Killer Bras

by Peter Huber
reprinted by permission of the author
Originally in Forbes, Jan. 22, 1996

Bras cause breast cancer. Or so you'll discover in a new book, Dressed To Kill. One of the authors has an undergraduate degree in biology and a master's degree in anthropology. The other, his wife, is an optician.

Bras cause cancer? A story like this surfaces somewhere or other in the national press every week or two. Fields from power lines kill children. Breast implants cause arthritis. Herbicides cause infertility. Microwave ovens send Audis diving down elevator shafts.

Although laymen are sometimes swayed, scientists put very little stock in "discoveries" like these. Any number of different things can be fingered as suspect carcinogens - Alar, bras, caffeine, New Jersey and on down through the alphabet. But in many studies inquiring into the causes of cancer, few suspected links have proved out. And the few causes of cancer that have been pinned down - tobacco, diet and our bodies' own, natural hormones - are strong ones.

These facts engage a simple formula for inference elucidated by an 18th-century English mathematician, Thomas Bayes. In a nutshell: Inherently unlikely events remain unlikely even in the face of reports that they have occurred.

Consider a simple case. When your grandma sees a taxi, her eyesight is good enough to call the color right 80% of the time. If she reports seeing an orange taxi, how likely is it that she's got the color right? The answer is not 80%. It depends, and not on her eyes alone, or even mostly on her eyes, as you might suppose. The answer depends as much on records in the Bureau of Motor Vehicles. If 9 out of 10 taxis in the city are in fact yellow, and the rest orange, Granny's orange-taxi call will be wrong 9 times out of 13. If Granny has 50% accurate eyes and "sees an orange taxi," she will be wrong 9 times out of 10.

The bra-and-cancer stories always emerge from statistics much like these. There's a fallible observer - all observers are fallible. She claims to have identified one weak cause - bras, implants, power lines, or pesticides - of a common affliction, birth defects, colon cancer or arthritis. It has to be weak, because she (and we) know that arthritis is common even where implants aren't. Deconstruct this process and it always comes down to "seeing an orange taxi" in a city where most taxis are yellow.

Bayes' law tells us how to quantify the reliability of any new orange-taxi claim against background odds that heavily favor yellow. Correct observations of unlikely phenomena are themselves unlikely, even when coming from good eyes. Incorrect ones are horribly common. For a detailed discussion of this incontrovertible fact, take a look at Massimo Piattelli- Palmarini's delightful (but difficult) little book, Inevitable Illusions.

Bayes' law, though, is counterintuitive, which is why it is routinely overlooked by amateur scientists, like the ones who write popular books or script TV news shows. Correctly detecting one, comparatively rare, color (or cause) among a crowd of more common ones is very difficult indeed.

Think Bayes every time you see carcinogenic bras. A pair of perfectly sincere writers may see a bra behind every lump in a breast, just as Granny may report that all taxis are chartreuse. But Bayes establishes that the reliability of any such observation depends not just on the reliability of the observer ("good eyes"), but just as much on the underlying likelihood of the observation (yellow taxi or chartreuse).
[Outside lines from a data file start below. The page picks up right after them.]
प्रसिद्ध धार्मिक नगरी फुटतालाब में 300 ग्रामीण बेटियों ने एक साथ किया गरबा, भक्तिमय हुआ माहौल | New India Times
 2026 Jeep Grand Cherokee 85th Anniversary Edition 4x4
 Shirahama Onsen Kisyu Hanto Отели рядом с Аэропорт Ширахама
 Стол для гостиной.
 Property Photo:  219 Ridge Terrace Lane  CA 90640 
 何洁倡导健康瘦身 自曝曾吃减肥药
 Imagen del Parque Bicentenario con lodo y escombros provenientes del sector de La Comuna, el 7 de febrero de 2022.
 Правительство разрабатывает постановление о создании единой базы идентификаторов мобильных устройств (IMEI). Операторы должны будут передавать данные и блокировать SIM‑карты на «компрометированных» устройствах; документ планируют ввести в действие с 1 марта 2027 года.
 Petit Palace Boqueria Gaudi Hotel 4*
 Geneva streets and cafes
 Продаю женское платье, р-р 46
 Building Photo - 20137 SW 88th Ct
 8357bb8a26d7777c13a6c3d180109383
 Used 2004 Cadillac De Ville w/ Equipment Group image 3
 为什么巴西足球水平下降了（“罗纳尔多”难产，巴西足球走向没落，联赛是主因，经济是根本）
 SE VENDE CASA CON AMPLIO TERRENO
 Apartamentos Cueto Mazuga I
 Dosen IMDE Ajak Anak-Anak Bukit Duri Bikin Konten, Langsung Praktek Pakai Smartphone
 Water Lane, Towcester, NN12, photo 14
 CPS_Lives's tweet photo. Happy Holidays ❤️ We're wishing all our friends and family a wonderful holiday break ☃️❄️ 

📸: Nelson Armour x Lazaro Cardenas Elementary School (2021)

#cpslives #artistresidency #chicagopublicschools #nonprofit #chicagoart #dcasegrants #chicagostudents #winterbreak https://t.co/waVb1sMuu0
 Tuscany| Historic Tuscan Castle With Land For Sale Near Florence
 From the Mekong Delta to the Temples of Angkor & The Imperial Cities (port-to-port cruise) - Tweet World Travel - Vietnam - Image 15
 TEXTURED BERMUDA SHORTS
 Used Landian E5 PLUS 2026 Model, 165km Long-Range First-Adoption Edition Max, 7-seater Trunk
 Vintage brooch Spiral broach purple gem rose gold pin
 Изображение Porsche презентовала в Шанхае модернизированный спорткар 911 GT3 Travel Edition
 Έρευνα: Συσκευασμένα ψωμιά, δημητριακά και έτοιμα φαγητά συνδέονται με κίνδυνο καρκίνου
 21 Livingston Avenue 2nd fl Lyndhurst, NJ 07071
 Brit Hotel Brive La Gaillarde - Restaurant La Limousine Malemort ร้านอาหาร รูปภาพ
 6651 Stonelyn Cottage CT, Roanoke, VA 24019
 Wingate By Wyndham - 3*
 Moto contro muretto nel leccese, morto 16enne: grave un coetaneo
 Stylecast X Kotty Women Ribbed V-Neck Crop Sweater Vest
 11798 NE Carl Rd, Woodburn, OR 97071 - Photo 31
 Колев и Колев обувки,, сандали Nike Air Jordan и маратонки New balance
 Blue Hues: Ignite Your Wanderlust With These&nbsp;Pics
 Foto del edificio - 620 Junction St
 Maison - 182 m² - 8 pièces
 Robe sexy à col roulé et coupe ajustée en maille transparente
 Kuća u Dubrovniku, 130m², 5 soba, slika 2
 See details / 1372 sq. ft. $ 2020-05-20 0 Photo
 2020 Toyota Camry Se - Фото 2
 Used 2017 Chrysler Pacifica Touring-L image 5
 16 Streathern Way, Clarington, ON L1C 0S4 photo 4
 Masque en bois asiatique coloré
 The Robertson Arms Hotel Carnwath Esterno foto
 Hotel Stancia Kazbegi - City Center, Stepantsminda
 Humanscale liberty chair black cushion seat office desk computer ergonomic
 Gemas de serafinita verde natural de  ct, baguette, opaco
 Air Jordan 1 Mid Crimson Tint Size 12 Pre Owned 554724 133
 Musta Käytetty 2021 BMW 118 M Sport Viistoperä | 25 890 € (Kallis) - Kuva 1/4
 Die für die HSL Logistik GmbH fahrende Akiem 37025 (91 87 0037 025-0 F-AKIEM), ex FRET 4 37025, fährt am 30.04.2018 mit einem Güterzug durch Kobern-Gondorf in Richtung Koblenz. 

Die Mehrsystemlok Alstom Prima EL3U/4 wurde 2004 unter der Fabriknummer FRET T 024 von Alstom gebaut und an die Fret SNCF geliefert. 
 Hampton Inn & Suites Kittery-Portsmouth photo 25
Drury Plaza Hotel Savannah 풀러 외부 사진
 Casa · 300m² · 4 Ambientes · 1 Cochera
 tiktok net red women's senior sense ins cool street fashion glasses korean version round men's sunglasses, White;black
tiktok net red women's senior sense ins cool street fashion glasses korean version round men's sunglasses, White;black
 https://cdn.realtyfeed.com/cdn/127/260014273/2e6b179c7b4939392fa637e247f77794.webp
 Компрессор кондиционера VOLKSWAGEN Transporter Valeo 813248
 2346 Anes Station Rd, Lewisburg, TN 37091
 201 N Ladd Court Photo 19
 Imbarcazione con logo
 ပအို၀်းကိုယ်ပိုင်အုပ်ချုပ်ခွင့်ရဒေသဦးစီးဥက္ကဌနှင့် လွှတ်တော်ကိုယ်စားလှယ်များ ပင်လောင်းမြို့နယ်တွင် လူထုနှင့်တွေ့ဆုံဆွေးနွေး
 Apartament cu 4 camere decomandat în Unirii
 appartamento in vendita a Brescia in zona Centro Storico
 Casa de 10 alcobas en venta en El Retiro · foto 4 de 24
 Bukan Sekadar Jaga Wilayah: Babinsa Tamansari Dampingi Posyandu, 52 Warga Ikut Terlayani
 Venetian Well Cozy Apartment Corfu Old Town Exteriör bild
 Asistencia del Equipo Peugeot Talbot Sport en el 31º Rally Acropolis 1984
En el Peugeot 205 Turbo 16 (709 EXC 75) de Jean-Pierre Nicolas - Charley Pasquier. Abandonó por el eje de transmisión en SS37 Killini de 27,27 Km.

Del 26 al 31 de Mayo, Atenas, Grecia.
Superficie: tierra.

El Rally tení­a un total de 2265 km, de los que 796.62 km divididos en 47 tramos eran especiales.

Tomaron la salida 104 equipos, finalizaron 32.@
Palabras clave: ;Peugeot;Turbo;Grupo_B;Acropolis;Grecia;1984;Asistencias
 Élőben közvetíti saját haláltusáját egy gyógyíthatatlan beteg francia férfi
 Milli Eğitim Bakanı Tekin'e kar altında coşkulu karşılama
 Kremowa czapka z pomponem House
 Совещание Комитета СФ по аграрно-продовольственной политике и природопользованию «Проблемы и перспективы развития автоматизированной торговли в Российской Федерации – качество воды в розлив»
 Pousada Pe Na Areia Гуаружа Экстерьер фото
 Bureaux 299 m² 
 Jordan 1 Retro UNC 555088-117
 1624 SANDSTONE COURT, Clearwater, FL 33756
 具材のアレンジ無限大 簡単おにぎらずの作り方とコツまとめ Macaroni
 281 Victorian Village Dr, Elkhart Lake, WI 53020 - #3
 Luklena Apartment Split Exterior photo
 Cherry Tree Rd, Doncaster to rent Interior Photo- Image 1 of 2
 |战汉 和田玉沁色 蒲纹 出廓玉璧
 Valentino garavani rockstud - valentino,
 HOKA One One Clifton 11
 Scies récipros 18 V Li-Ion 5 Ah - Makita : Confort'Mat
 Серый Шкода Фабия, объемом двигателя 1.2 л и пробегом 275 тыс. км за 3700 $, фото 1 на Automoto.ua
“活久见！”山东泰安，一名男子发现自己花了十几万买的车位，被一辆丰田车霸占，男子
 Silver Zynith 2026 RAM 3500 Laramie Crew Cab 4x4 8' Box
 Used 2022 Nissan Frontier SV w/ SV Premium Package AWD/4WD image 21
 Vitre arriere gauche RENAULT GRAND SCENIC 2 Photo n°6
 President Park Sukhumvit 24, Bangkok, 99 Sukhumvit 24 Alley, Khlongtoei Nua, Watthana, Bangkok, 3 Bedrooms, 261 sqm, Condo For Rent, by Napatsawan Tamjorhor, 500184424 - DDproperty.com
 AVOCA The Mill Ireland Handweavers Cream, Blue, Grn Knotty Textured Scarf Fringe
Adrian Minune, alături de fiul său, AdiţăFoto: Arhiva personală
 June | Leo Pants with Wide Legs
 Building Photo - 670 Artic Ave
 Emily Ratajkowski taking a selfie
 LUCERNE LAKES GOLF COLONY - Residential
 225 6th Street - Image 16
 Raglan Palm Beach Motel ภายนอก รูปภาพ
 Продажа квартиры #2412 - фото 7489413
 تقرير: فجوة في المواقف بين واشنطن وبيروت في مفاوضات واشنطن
Often this seems to beg the question: How can we get a handle on "background rates" if we don't know which observations to trust in the first place? Normally we don't have a Bureau of Motor Vehicles out there to hand us the second key bit of information that only 1 taxi in 1,000 is chartreuse; all we have is hundreds of grannies filing their individual reports. The best we can then do is ask: What do all other grannies - or in the case of bras and cancer, all other professional observers - have to say on the subject? If they report few, if any, chartreuse cabs, or carcinogenic bras, the odds against Granny's view of things, or your local optician's, rise fast.

So when the next pair of earnest unknowns publish a book advising you to burn bras, silicone, dioxin, PCBs or Alar, don't grab for a match too quickly. Bayes explains more than bras ever will. Most of the time, you're better off just burning the book.